太宰府の足利尊氏は、三月八日ごろ、筑後黒木城に籠城(ろうじょう)した菊池武敏討伐に、一族の一色頼兼(上野左馬助)を派遣し、これを攻略させた。
菊池武敏は豊後玖珠城(切株山)へ逃れ、大友千代松丸の長兄二郎貞順(さだより)と十月十二日まで抵抗を続けた。尊氏は一色右馬助頼行を玖珠城へ派遣し、豊前・豊後・肥前などの武士に攻略を命じた。
下毛郡の野仲郷司の庶子野依(のより)道棟は、惣領とともに攻囲軍に加わり、合戦の確認者を多数あげているが、その中に田中三郎五郎入道がいる。

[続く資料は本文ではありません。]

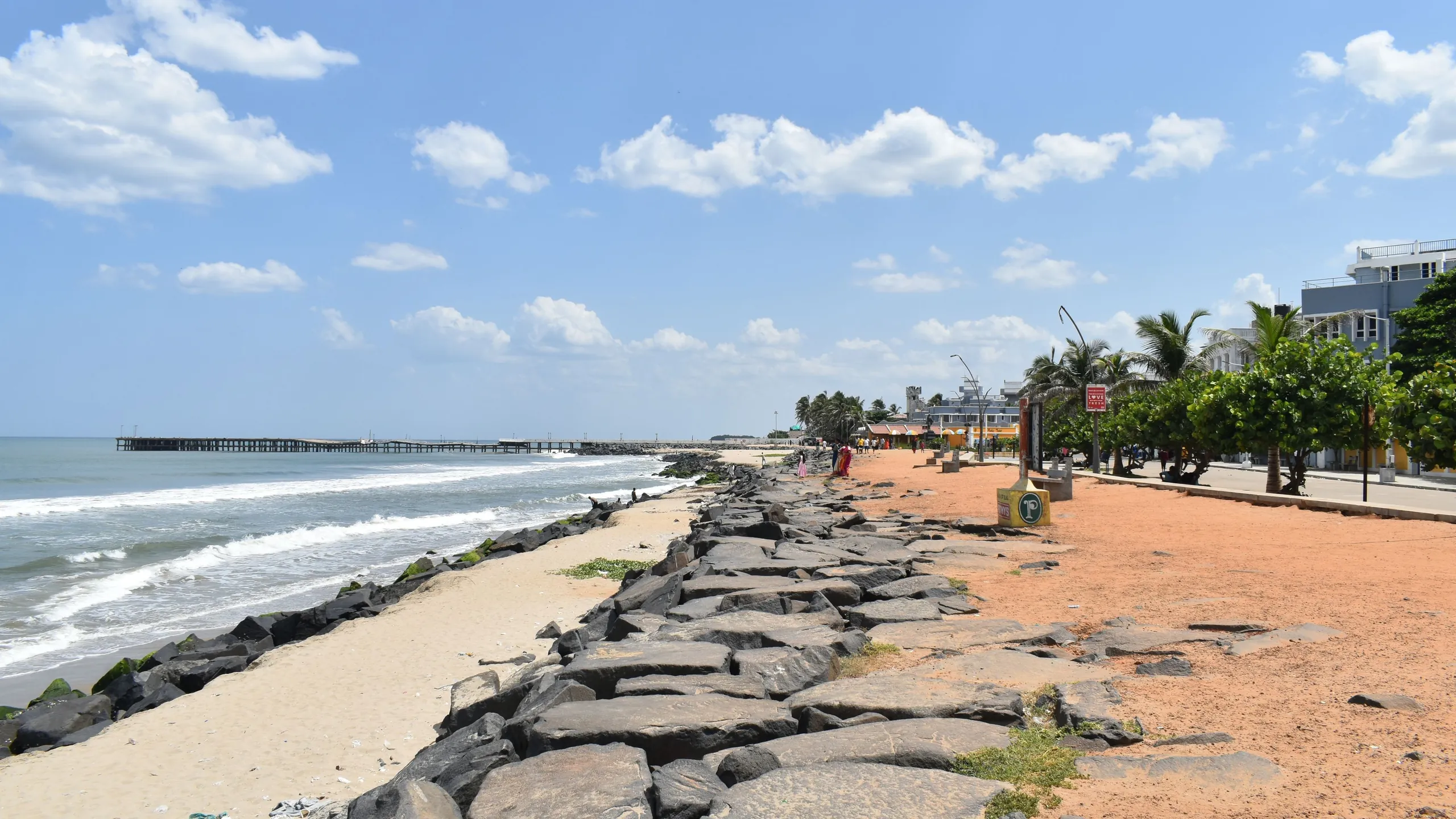 The rock promenade and the sea at Puducherry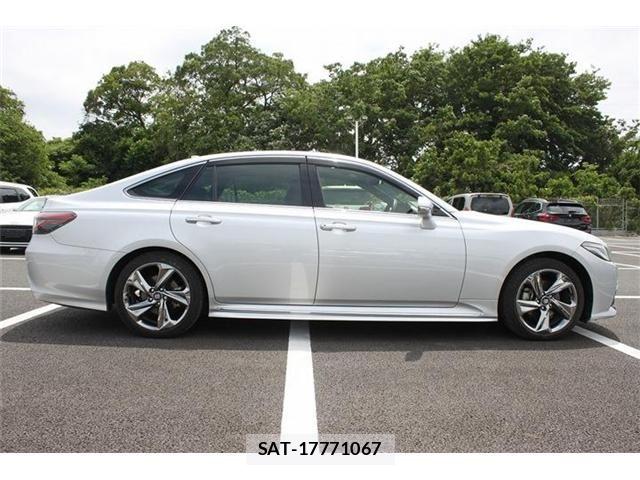 Toyota CROWN SEDAN 2021-02 7058064-18
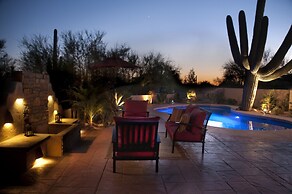 Casa Saguaro 4 Bedroom Home by RedAwning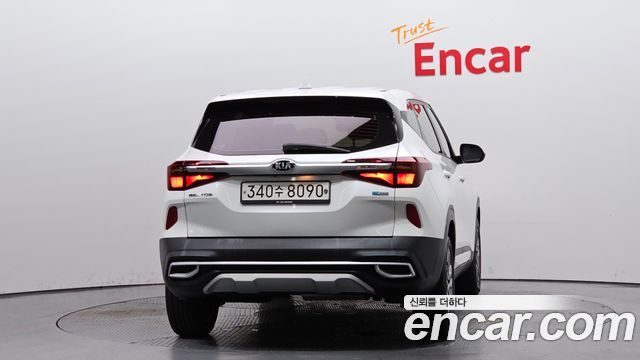 Kia Seltos из Кореи Encar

九月十二日夜、城中へ攻撃をかけたとき、安心院五郎とともに現場にいた。当町田中と関係のある武士であろうか。
この間、態勢を整えた尊氏は、再上洛を決し、三月末日、上洛の途に就くことになった。
新田右衛門佐義貞の与党誅伐の事、院宣を下さるる所なり、よって今月二十八日、上洛すべきなり、発向の時、軍忠を抽ずべきの状、件の如し。
建武三年三月二十六日
尊氏(花押)
宇都宮因幡権守(公景)殿(原文は漢文)
この史料によると、朝敵の汚名を逸(そ)らすため、持明院統の光厳上皇を抱き込み、その院宣を盾として、宇都宮公景(佐田氏の祖)ら、九州・中国・四国の武士に上洛を命じている。
尊氏は、博多に一色宮内少輔範氏(のりうじ)(入道道猷)を残して鎮西を管領させ、四月三日、東上した。このとき『太平記』は、少弐・大友両氏もとどめおいたとあるが、『梅松論』は、大友・少弐・宇都宮氏は将軍に従い備後鞆の津から、少弐頼尚は陸路を足利直義に従って上洛したとある。『梅松論』の方が真実らしい。田口孫次郎重連は八月二十三日から二十五日まで、守護少弐頼尚のお供をして軍忠を励んだとして証判を得ており、ずっと在京していたと思われる(『田口文書』)。